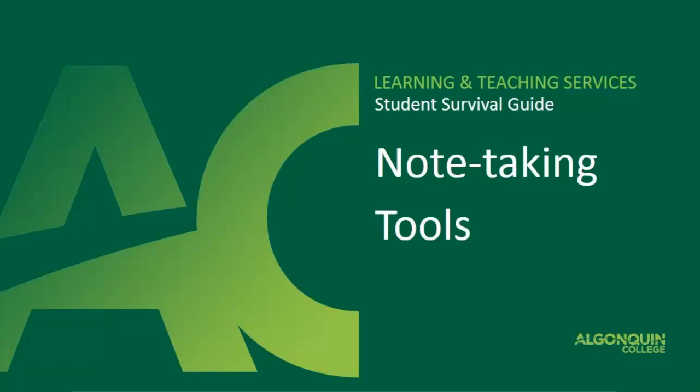Welcome to this video presentation that will discuss the various note-taking tools for students and explain some of the advantages and disadvantages of each so that you can be successful in your courses.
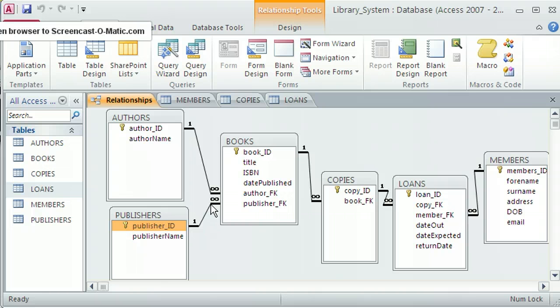That's a very simple library system set up using Access 2010. In the next tutorial, I'm going to give you an example of a slightly different type of relationship — rather than all one-to-many relationships, there are other types such as many-to-many relationships, and that's what I'll cover next.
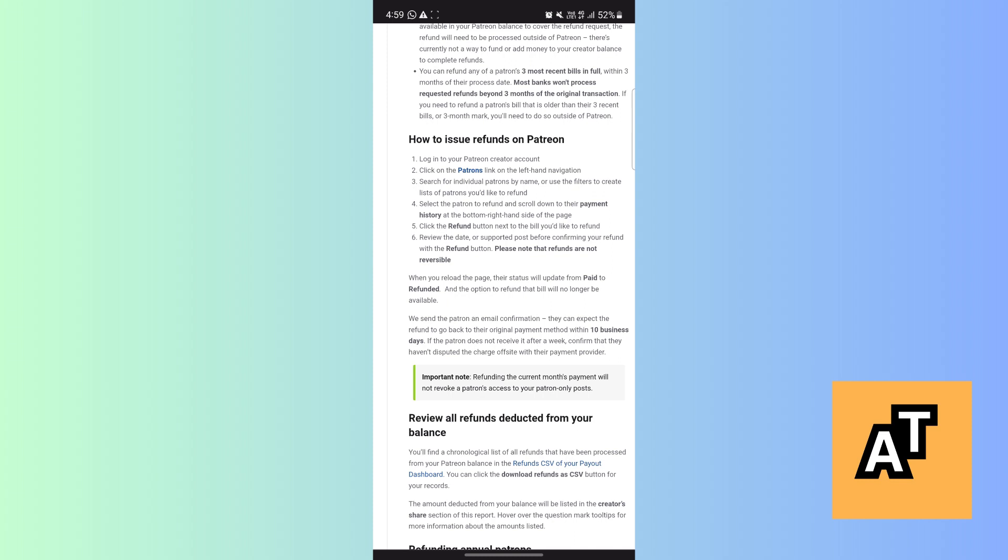note that refunding the current month payment will not revoke a patron's access to your patron-only posts. Okay, so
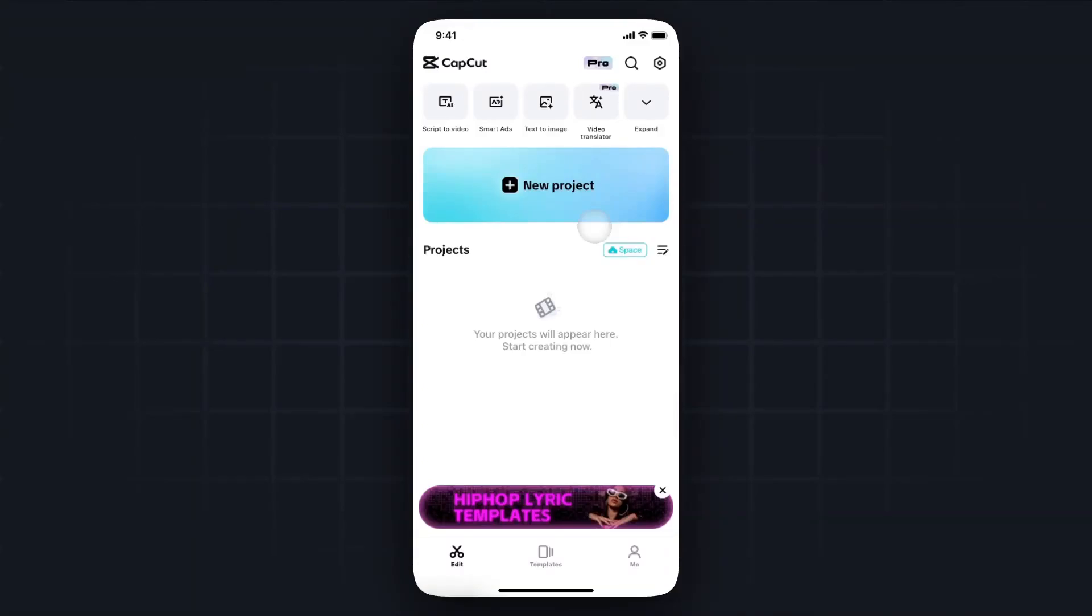Hey everyone, just want to make a quick video on how you can do a face swap in CapCut. It's pretty simple to do, so I'll go ahead and show you how to do it right now.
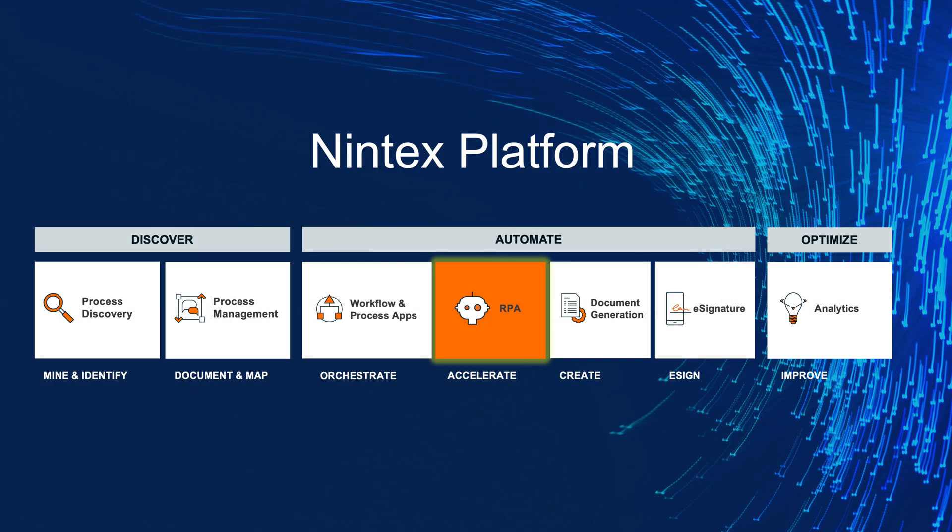Nintex RPA is part of the Nintex Process Platform, a powerful, easy-to-use, and complete platform that helps companies discover, automate, and optimize business processes to drive growth. Nintex Process Platform offers process discovery technology, a powerful process management solution, advanced workflow, robotic process automation, digital document generation, intelligent forms, e-signatures, and analytics insights.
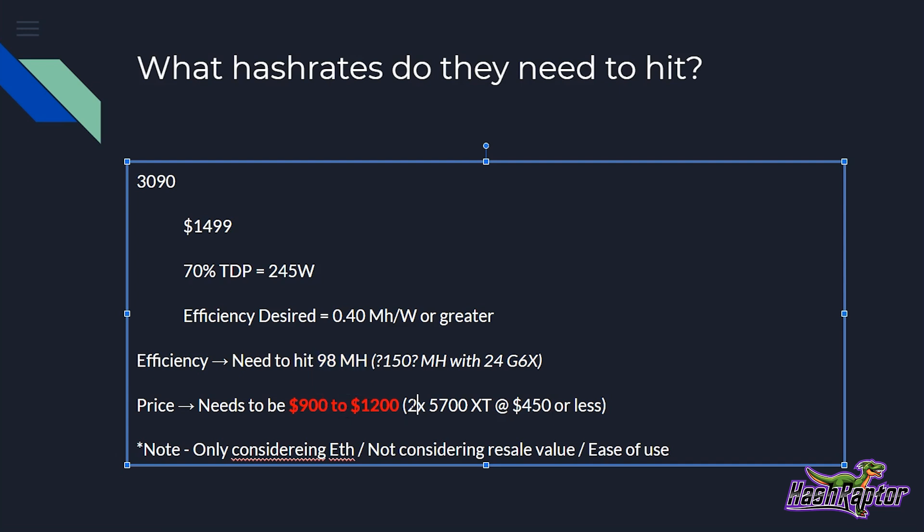Now, the one last piece I'd like to say on the 3090 is if it hits anything above 98 mega hash, if it got to 110, 120, then all of a sudden this price point starts to become a little bit more realistic. And if we could get these at maybe $1,299, all of a sudden, if you can make this the equivalent of two to three 5700 XTs, then it starts to get interesting because at 150 mega hash, you're at 3 5700 XTs. And this price point really makes a lot of sense.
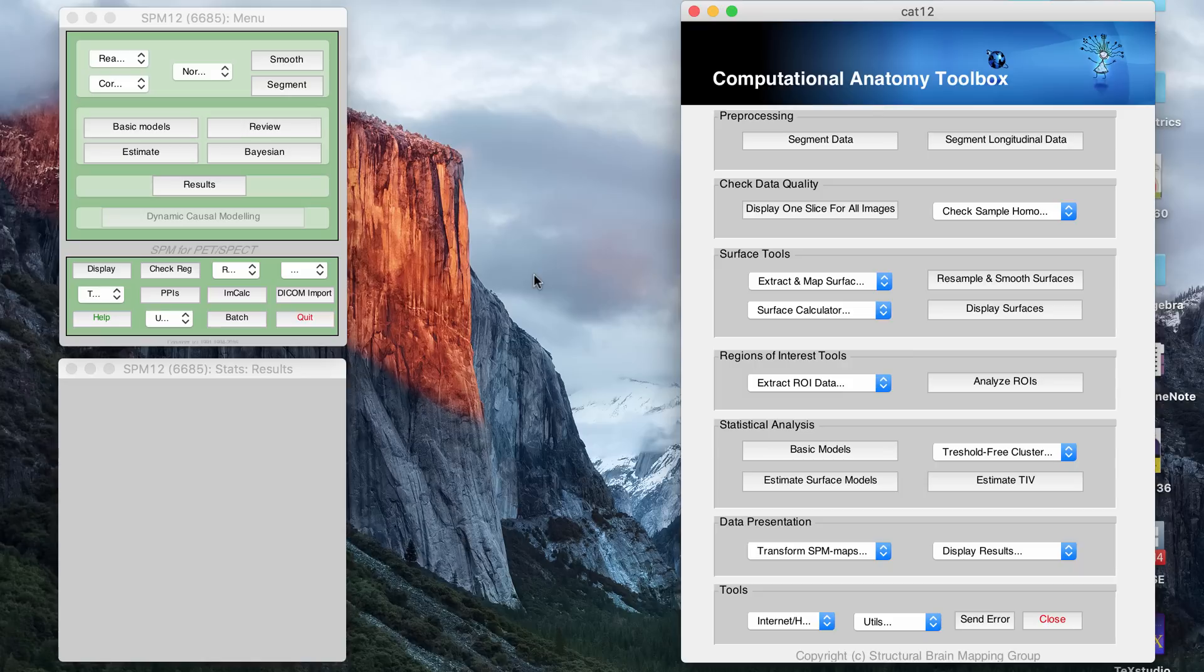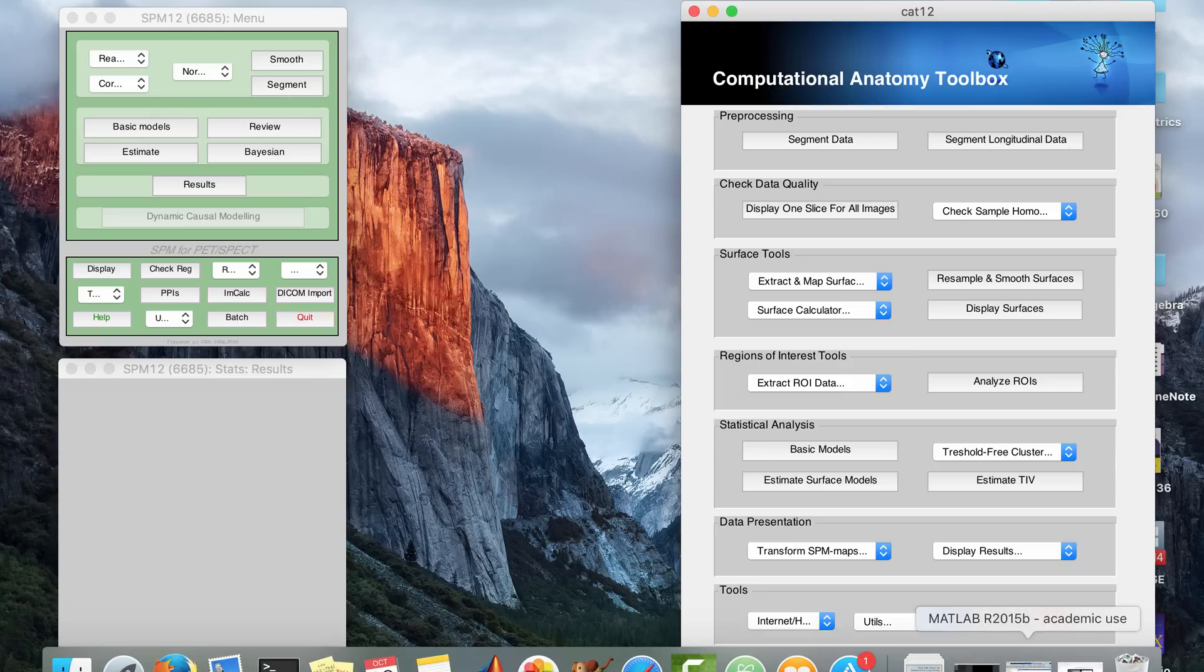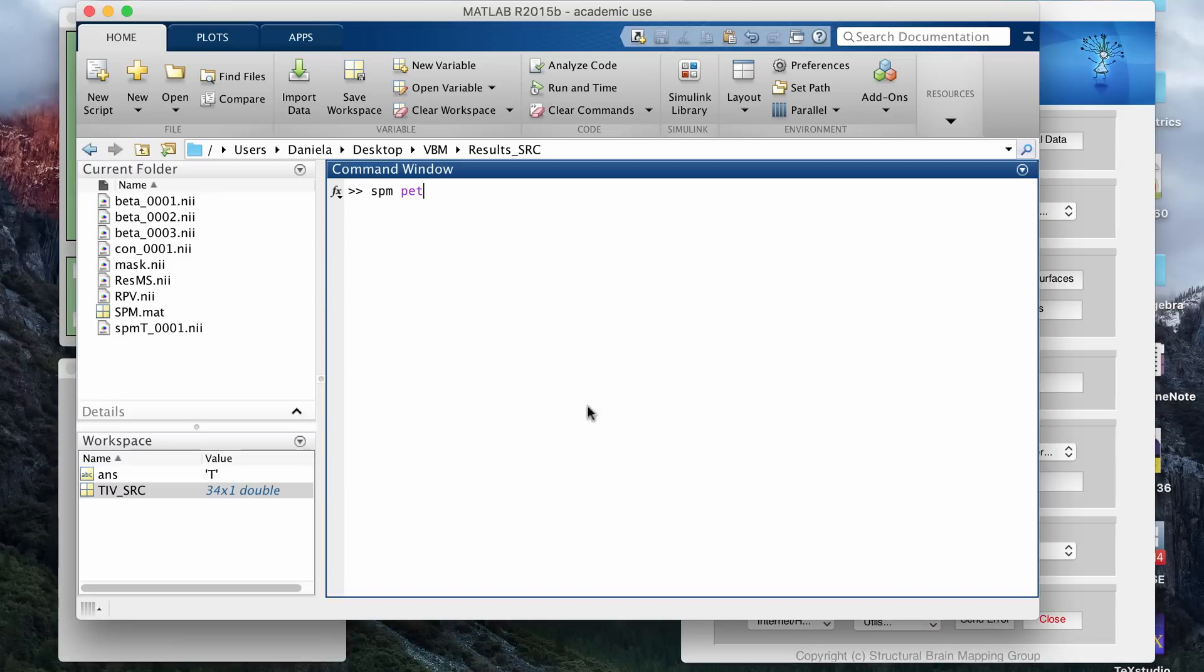So if you don't have any of the programs, you can pause the video and download them. With the exception of MATLAB, which you need a subscription for, all the programs are free.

WHAT YOU WILL DO ▸
The output must be every line of the records, printed exactly, with the pictures omitted.

PROBLEM SOLUTION ▸
Welcome to this video presentation that will discuss the various note-taking tools for students and explain some of the advantages and disadvantages of each so that you can be successful in your courses.
That's a very simple library system set up using Access 2010. In the next tutorial, I'm going to give you an example of a slightly different type of relationship — rather than all one-to-many relationships, there are other types such as many-to-many relationships, and that's what I'll cover next.
note that refunding the current month payment will not revoke a patron's access to your patron-only posts. Okay, so
Hey everyone, just want to make a quick video on how you can do a face swap in CapCut. It's pretty simple to do, so I'll go ahead and show you how to do it right now.
Nintex RPA is part of the Nintex Process Platform, a powerful, easy-to-use, and complete platform that helps companies discover, automate, and optimize business processes to drive growth. Nintex Process Platform offers process discovery technology, a powerful process management solution, advanced workflow, robotic process automation, digital document generation, intelligent forms, e-signatures, and analytics insights.
Now, the one last piece I'd like to say on the 3090 is if it hits anything above 98 mega hash, if it got to 110, 120, then all of a sudden this price point starts to become a little bit more realistic. And if we could get these at maybe $1,299, all of a sudden, if you can make this the equivalent of two to three 5700 XTs, then it starts to get interesting because at 150 mega hash, you're at 3 5700 XTs. And this price point really makes a lot of sense.
So if you don't have any of the programs, you can pause the video and download them. With the exception of MATLAB, which you need a subscription for, all the programs are free.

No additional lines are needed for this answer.